多様な視点から臨床を捉え直す ― 4月抄読会のご案内 ―

4月の抄読会についてご案内申し上げます。
新年度が始まり、新たな目標をもって取り組まれていることと存じますが、皆さまいかがお過ごしでしょうか。

本抄読会では、分野横断的な最新の知見や興味深いテーマを取り上げ、臨床への応用を目指して議論を行います。
今回もオンライン開催ですので、ご都合のつく方はぜひご参加ください。

皆さまと活発な意見交換ができますことを、心より楽しみにしております。


====== 4月22日(水)19:00〜 Microsoft Teams形式======

1) 群馬大学医学部附属病院 呼吸器・アレルギー内科 古賀 康彦先生

Association of Anti-Ro52 Seropositive Interstitial Lung Disease With a Higher Risk of Disease Progression and Mortality

「抗Ro52抗体陽性間質性肺疾患と疾患進行および死亡リスク上昇との関連性」

Ryosuke Imai, et al., Chest. 2025 Oct;168(4):954-966.

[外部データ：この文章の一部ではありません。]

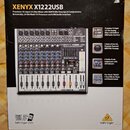 Fotografie znázorňuje krabici s míchací deskou. Na krabici je nápis XENYX X1222USB a logo behringer. Uprostřed je vyobrazen mixér s řadou potenciomet…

膠原病の診断基準を満たさないものの、抗CCP抗体や抗SS-A/B抗体、ANCAなどの自己抗体が陽性となる特発性間質性肺炎(IIP)の患者を日常診療でしばしば経験します。これまでは非特異的な所見として扱い、IIPsとして治療介入や経過観察することが多かったと思います。しかし実臨床では、その後にANCA関連血管炎や関節リウマチなどの膠原病を発症し、結果的にIPAFあるいは膠原病関連ILDとして再分類される症例を少なからず経験してきました。このような背景から、「IIPsやHPと診断されているILDの中にも、将来的に膠原病へ移行するフェノタイプが含まれているのではないか」という問題意識を持っています。

今回紹介する論文は、自己抗体の中でも比較的陽性頻度の高い抗SS-A抗体の一部である抗Ro52抗体に着目し、その臨床的意義を検討したものです。本研究では、抗Ro52抗体陽性のILDはIPAFや膠原病関連ILDの割合が高いだけでなく、ILD進行や死亡のリスクが有意に高いことが示されました(HR 2.10)。抗SS-A抗体陽性例は、一般的に免疫抑制療法への反応性が良好で比較的予後良好という印象を持っていましたが、本研究はその認識を見直す必要性を示唆する内容でした。

自己抗体陽性IIPの位置づけを再考する契機として、本研究を紹介させていただきます。

2)群馬大学医学部附属病院 呼吸器・アレルギー内科 澤田 友里先生

A National Evaluation of Intercostal Chest Drain Removal Strategies

「肋間胸腔ドレーン抜去戦略に関する全国的評価」

Veale N, et al. Chest. 2026 Mar;169(3):849-858.

自然気胸に対する胸腔ドレナージ後のクランプテストやドレーン抜去のタイミング・方法については、統一された見解がなく、担当医の判断に委ねられているのが現状です。本研究では、多施設共同後ろ向き解析により、クランプテストやデジタル空気漏れ検出装置の使用といった抜去戦略が、気胸再発率、再処置の必要性、在院日数に与える影響を検討しています。日常診療で慣習的に行っている手技を改めて見直し、より適切な管理について議論したいと考えています。